Work request:
Start with the first line of the material. Repeat each line exactly through the one that contains "Sonnenlicht (Bravenus Dub Remix Edit)".

Records for this task:
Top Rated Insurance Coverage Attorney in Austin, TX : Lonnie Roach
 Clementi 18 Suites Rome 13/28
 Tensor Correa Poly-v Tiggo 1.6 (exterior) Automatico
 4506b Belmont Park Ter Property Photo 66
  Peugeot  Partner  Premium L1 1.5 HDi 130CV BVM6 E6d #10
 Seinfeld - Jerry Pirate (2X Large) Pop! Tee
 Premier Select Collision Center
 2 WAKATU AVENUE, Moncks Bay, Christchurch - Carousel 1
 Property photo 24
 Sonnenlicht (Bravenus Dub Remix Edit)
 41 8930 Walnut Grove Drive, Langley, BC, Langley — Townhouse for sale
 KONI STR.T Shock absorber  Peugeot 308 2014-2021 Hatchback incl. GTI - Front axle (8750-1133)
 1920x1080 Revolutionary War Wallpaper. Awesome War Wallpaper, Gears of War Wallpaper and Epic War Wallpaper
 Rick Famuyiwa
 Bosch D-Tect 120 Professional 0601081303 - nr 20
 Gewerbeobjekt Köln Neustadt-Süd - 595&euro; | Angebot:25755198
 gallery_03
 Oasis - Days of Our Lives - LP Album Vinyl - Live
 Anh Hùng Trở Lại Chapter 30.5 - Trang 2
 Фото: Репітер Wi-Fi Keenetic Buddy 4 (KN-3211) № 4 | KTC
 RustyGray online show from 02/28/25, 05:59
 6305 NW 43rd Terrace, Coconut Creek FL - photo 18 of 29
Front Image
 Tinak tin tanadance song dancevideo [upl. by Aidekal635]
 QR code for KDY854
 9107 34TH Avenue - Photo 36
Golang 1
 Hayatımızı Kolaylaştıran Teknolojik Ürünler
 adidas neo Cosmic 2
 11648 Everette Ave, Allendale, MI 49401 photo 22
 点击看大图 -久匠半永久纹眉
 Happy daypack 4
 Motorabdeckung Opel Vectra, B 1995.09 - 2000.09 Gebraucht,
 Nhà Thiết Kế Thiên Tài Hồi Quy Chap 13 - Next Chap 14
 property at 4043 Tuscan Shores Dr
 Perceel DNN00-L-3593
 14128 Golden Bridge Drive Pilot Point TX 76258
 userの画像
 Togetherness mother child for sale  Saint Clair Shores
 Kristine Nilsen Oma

Task output:
Top Rated Insurance Coverage Attorney in Austin, TX : Lonnie Roach
 Clementi 18 Suites Rome 13/28
 Tensor Correa Poly-v Tiggo 1.6 (exterior) Automatico
 4506b Belmont Park Ter Property Photo 66
  Peugeot  Partner  Premium L1 1.5 HDi 130CV BVM6 E6d #10
 Seinfeld - Jerry Pirate (2X Large) Pop! Tee
 Premier Select Collision Center
 2 WAKATU AVENUE, Moncks Bay, Christchurch - Carousel 1
 Property photo 24
 Sonnenlicht (Bravenus Dub Remix Edit)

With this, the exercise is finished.